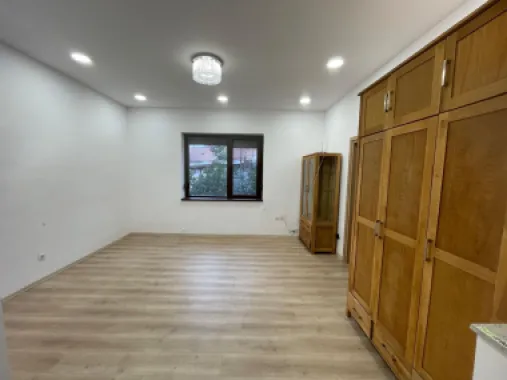 Chirie casă 3 camere ,terasa, curte acces auto – par Bratianu-1000 e/l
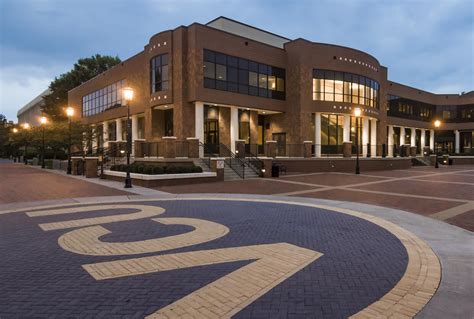 VCU will reopen in phases following winter break; spring classes to ...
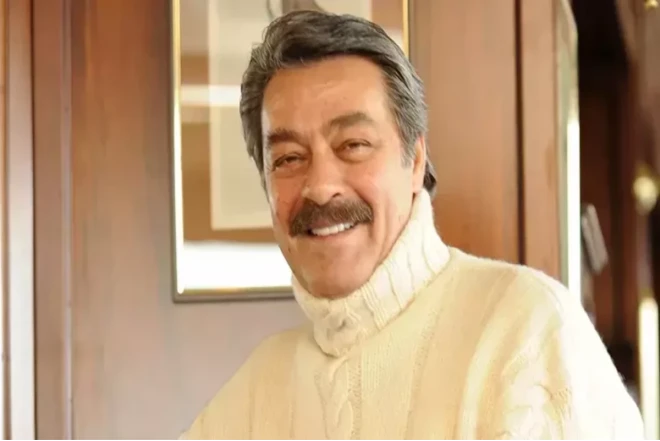 Kadir İnanır vəfat edib 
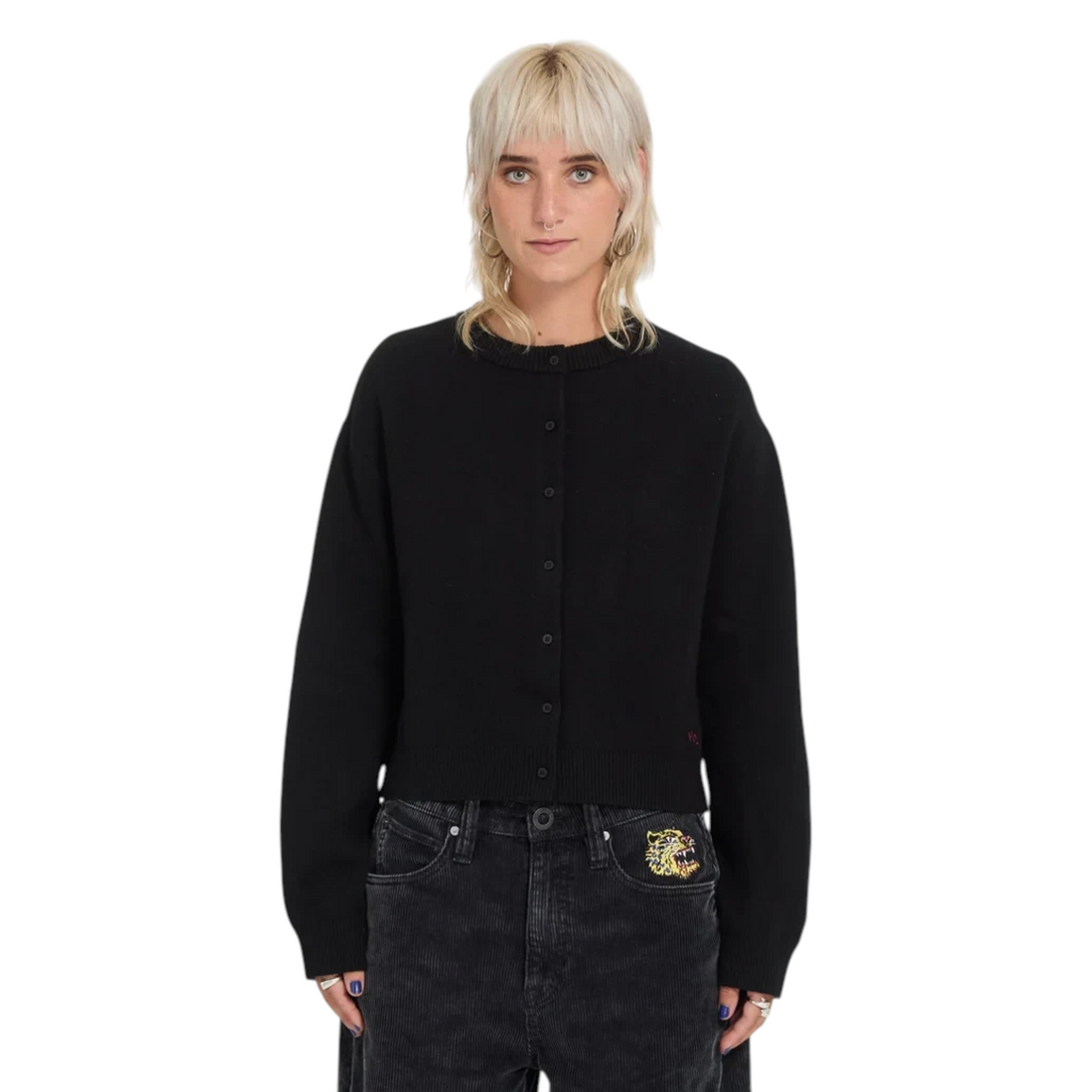 Cardigan noir Born2ride Volcom FA Ozzy en tricot doux avec boutonnage frontal porté par une femme sur fond blanc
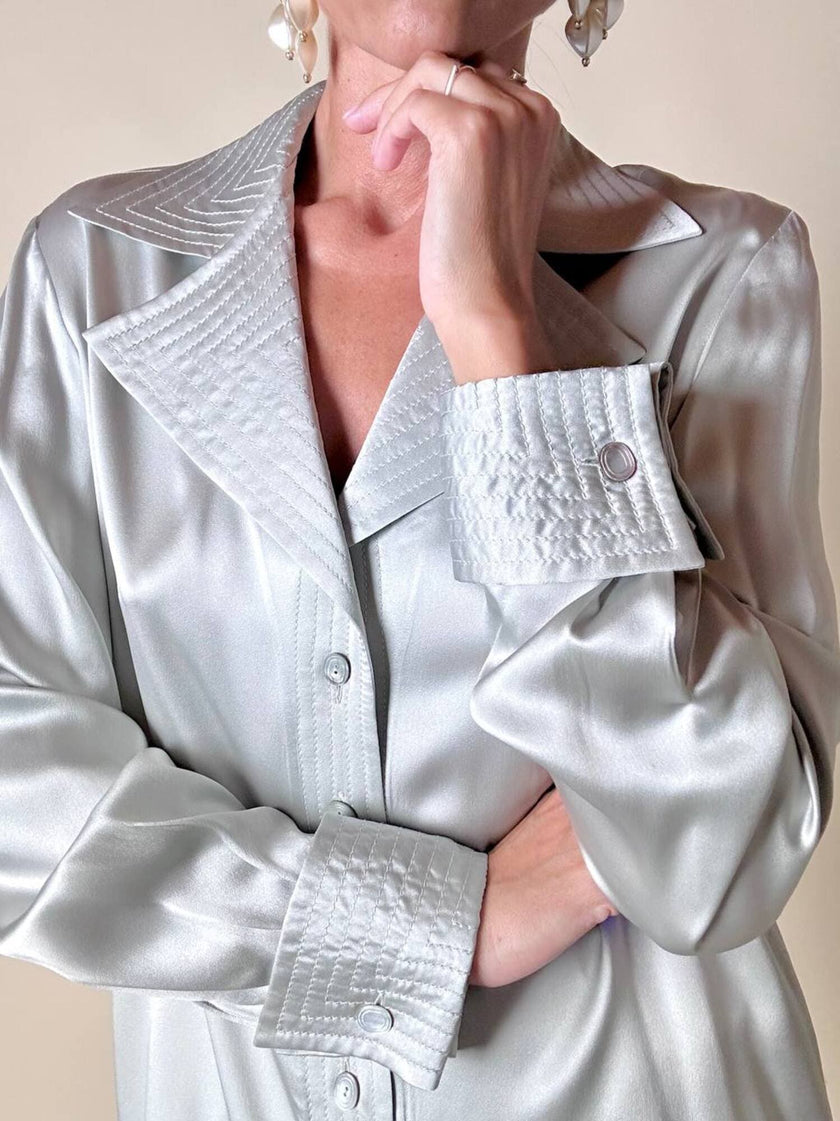 Camicia in raso di seta grigio perla con gemelli in madreperla “Valentino Garavani”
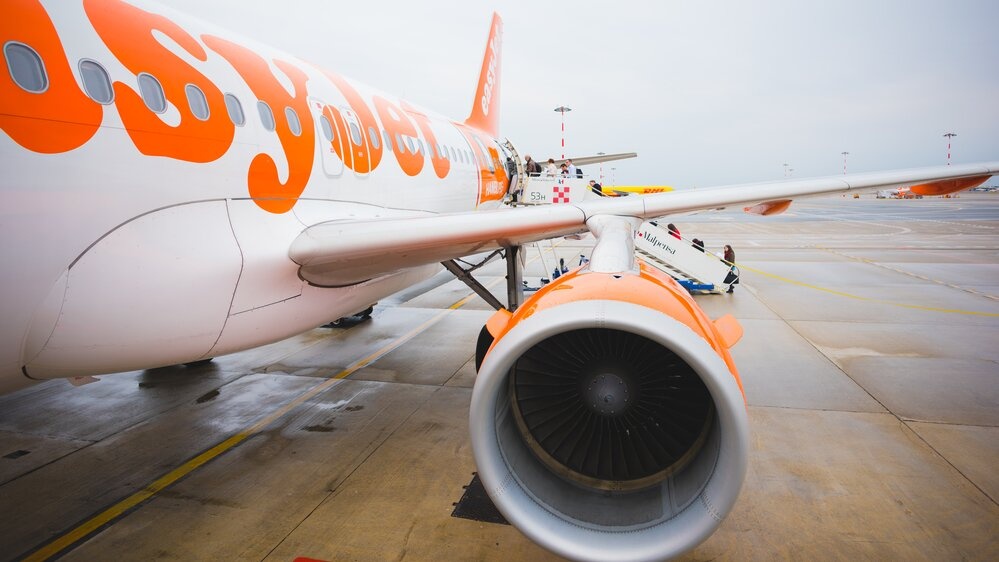 Dėl oro uostų chaoso įstrigusiems užsienyje siūlomi repatriaciniai skrydžiai į JK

▸ **WORK REQUIRED**: Leave the pictures out, and copy exactly each line from the one containing "Cardigan noir Born2ride" through the final line of the data.

▸ **OUTPUT FOR THIS EXERCISE**:
 Cardigan noir Born2ride Volcom FA Ozzy en tricot doux avec boutonnage frontal porté par une femme sur fond blanc
 Camicia in raso di seta grigio perla con gemelli in madreperla “Valentino Garavani”
 Dėl oro uostų chaoso įstrigusiems užsienyje siūlomi repatriaciniai skrydžiai į JK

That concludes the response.